Task details:
All lines below must be repeated exactly, with the pictures omitted.

-- Dataset extract follows --

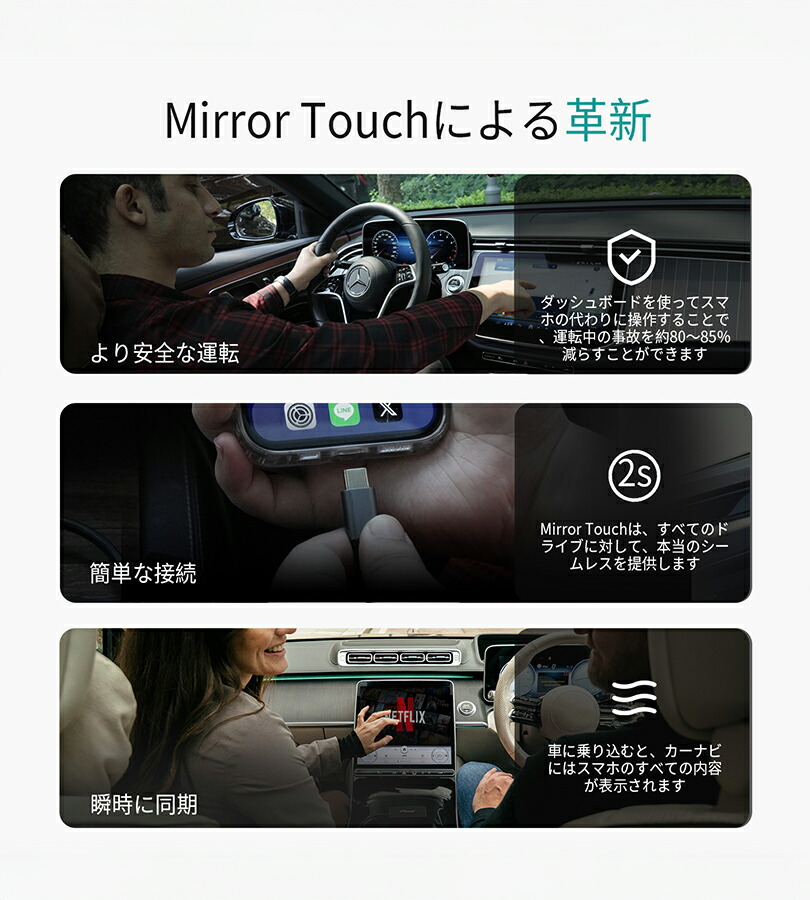 Mirror Touch 7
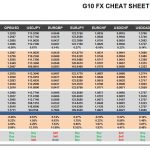 Thursday, May 04: OSB G10 Currency Pairs Cheat Sheet & Key Levels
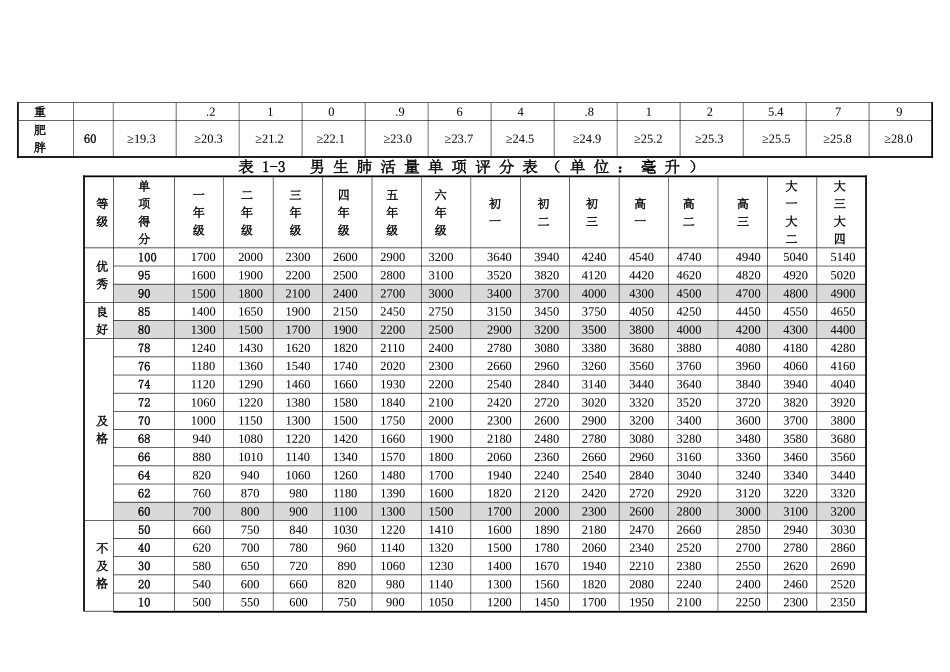 男生体重指数（BMI）单项评分表_第2页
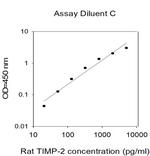 Rat TIMP-2 ELISA Kit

-- Dataset extract concluded --

Result for this task:
 Mirror Touch 7
 Thursday, May 04: OSB G10 Currency Pairs Cheat Sheet & Key Levels
 男生体重指数（BMI）单项评分表_第2页
 Rat TIMP-2 ELISA Kit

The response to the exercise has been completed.